You are viewing a plain text version of this content. The canonical link for it is here.
Posted to jira@kafka.apache.org by GitBox <gi...@apache.org> on 2022/01/06 14:35:21 UTC

[GitHub] [kafka] tyamashi-oss commented on pull request #10644: [KAFKA-12635] auto sync consumer offset 0 when translated offset larger than partition end offset

tyamashi-oss commented on pull request #10644:
URL: https://github.com/apache/kafka/pull/10644#issuecomment-1006638780


   I'm having a similar problem. I was looking for a solution to my problem and found here. Please forgive me for expressing my personal opinion and sharing my similar problem.
   
   I believe the consumer offset should be log-end-offset, not 0, when translated offset larger than partition end offset.

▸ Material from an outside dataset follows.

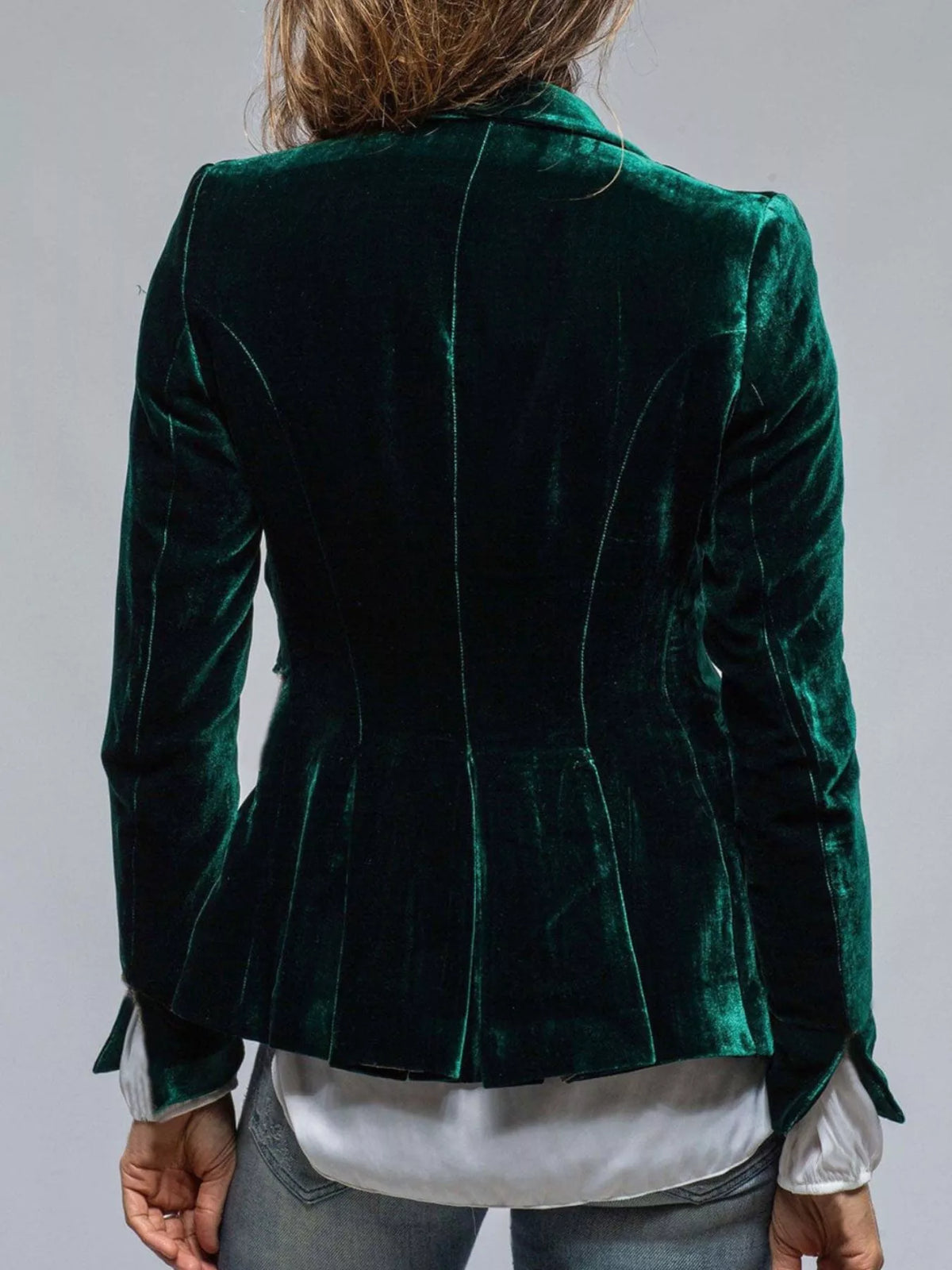 Women's Single Row Buttons Velvet Lapel Collar Button Up Blazer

   (Actually, in the original problem reproduction, log-end-offset is also 0, so the current implementation that resets offset to 0 will be able to be simply replaced with log-end-offset.)
   
   When translated offset larger than partition end offset or lower than partition earliest offset, once the consumer client start in the target cluster, the consumer client will be reset based on "auto.offset.reset(default: latest)" because the broker will return InvalidOffsetException. Then the consumer in the target cluster will duplicate or skip a large number of messages.

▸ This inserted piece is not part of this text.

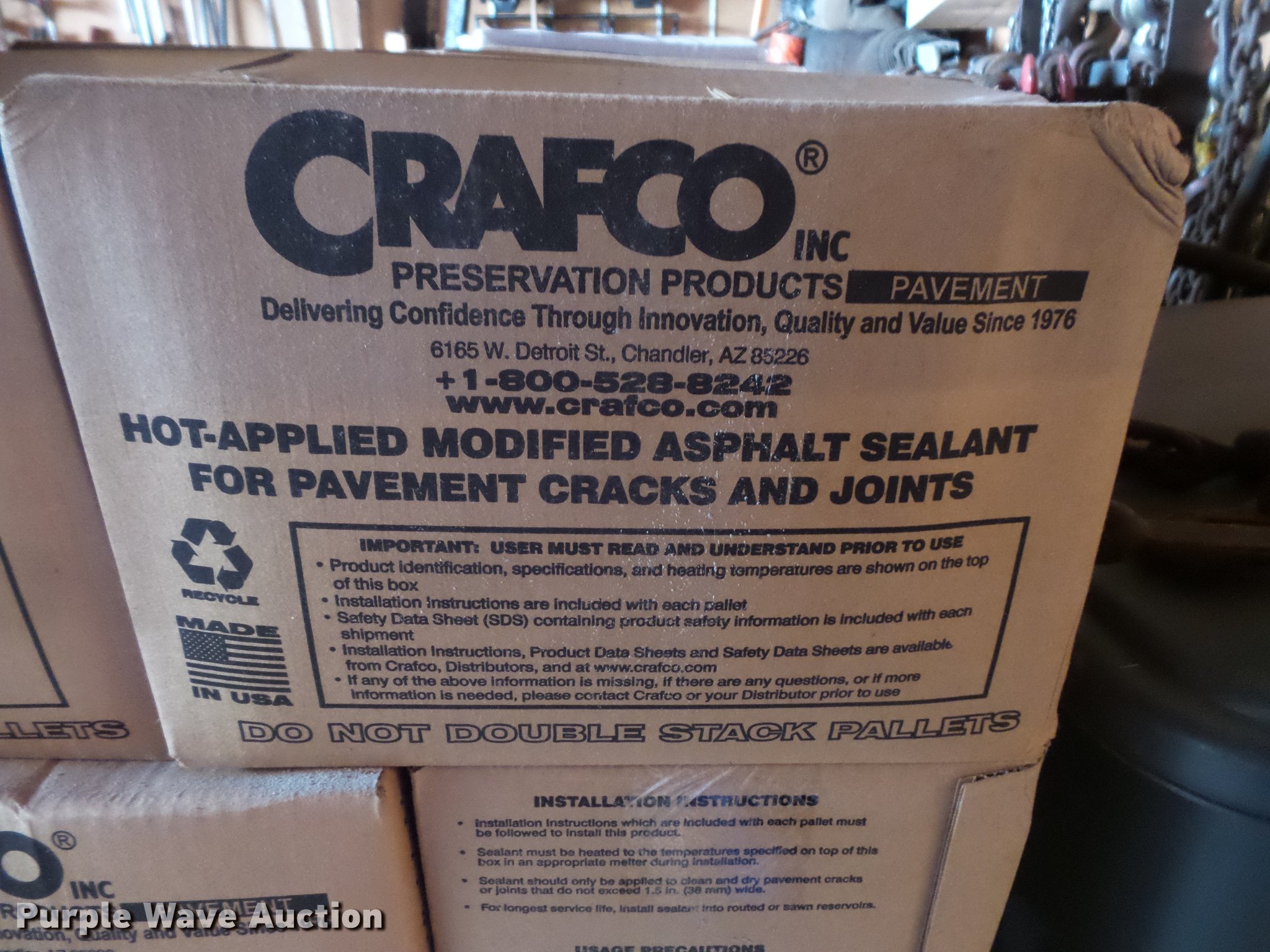 (75) boxes of Crafco hot asphalt sealant in St. Paul, MN Item DW9671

   In order to avoid automatic reset by the consumer, I believe that the translated offset should stay within the valid log offset(from earliest offset to end offset). So the consumer offset should be log-end-offset, not 0, when translated offset larger than partition end offset.
   
   FYI, in addition to the original problem, I also found another way to reproduce the negative lag caused by the translated offset being larger than the partition end offset. In the following case, the solution is to use log-end-offset(, not 0 because it will lead a large number of duplicate messages) for the translated offset.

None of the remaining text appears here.